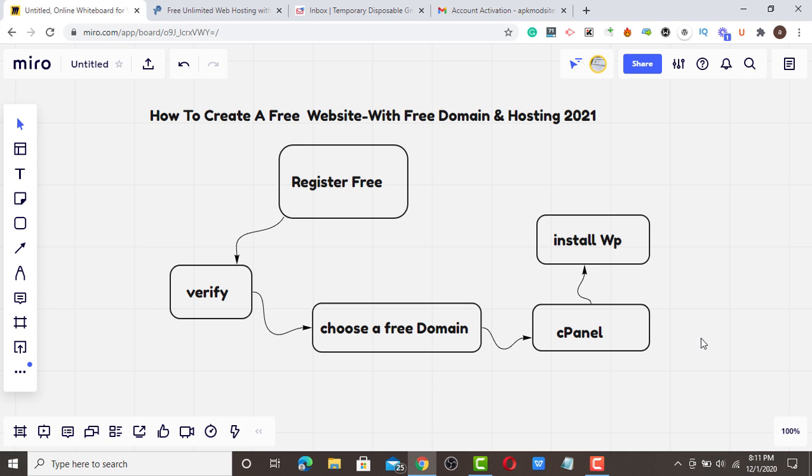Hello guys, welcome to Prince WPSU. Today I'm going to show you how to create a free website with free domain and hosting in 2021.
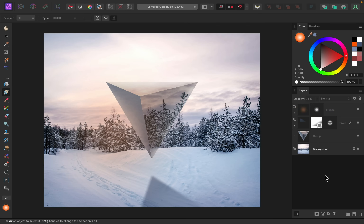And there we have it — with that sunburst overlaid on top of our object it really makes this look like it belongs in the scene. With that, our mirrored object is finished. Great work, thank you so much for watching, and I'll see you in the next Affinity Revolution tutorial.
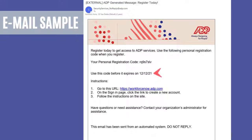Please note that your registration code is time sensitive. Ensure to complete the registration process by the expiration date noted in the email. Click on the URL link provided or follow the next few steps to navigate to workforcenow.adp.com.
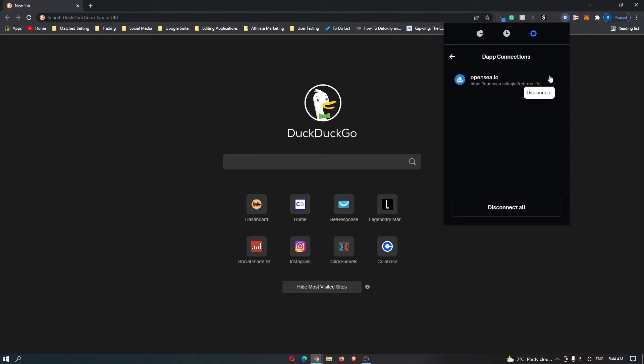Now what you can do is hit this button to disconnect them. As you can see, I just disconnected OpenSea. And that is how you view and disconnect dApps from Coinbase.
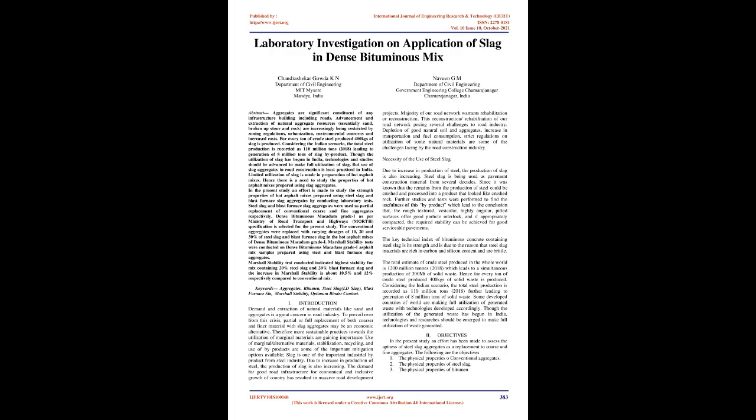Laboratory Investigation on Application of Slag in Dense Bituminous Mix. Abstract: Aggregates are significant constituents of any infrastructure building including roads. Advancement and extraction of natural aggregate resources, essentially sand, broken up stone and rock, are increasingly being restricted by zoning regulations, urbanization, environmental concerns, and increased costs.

...

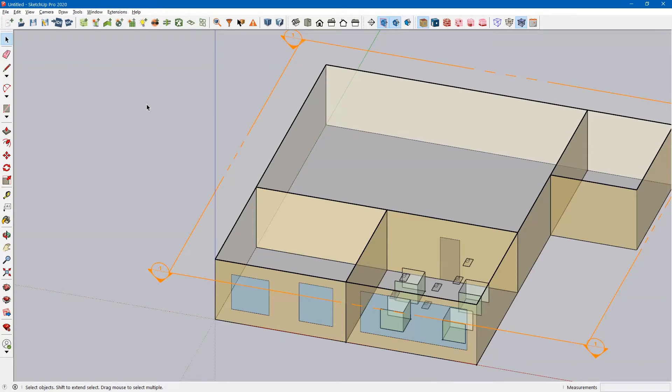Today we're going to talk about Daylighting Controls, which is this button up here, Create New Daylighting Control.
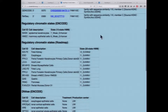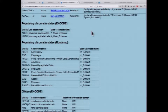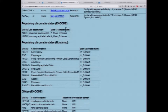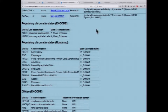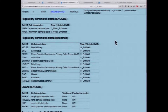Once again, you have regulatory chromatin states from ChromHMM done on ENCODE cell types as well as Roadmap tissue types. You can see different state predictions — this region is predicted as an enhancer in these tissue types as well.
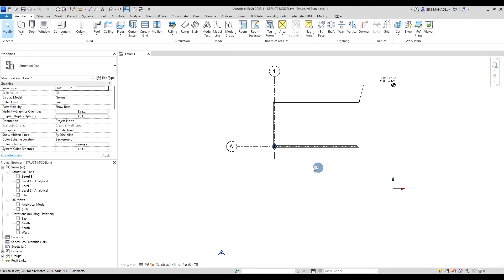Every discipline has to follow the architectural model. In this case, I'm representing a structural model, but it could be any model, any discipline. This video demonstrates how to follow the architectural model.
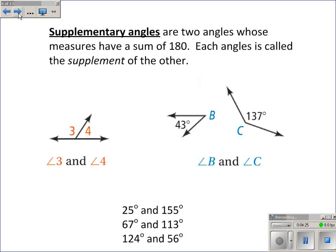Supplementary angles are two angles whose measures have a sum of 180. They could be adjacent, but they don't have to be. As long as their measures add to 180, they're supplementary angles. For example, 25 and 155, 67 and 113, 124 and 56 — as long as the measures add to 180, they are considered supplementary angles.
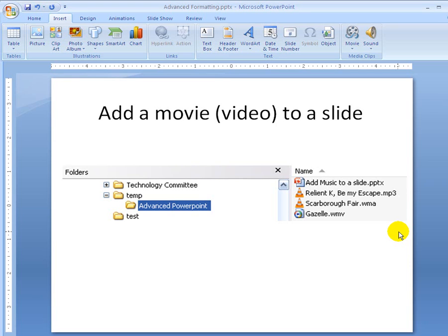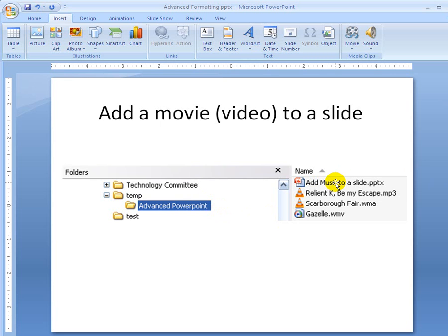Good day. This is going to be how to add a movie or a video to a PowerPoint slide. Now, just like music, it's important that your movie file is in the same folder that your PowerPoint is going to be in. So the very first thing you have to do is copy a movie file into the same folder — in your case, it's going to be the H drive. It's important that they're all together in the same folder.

*Task prompt*: An exact copy is needed of the entries above, starting at the line that holds "Now what you" and stopping at the line that holds "Laboratory Investigation on", both kept; pictures stay out.

*Task response*:
Now what you can do is hit this button to disconnect them. As you can see, I just disconnected OpenSea. And that is how you view and disconnect dApps from Coinbase.
Laboratory Investigation on Application of Slag in Dense Bituminous Mix. Abstract: Aggregates are significant constituents of any infrastructure building including roads. Advancement and extraction of natural aggregate resources, essentially sand, broken up stone and rock, are increasingly being restricted by zoning regulations, urbanization, environmental concerns, and increased costs.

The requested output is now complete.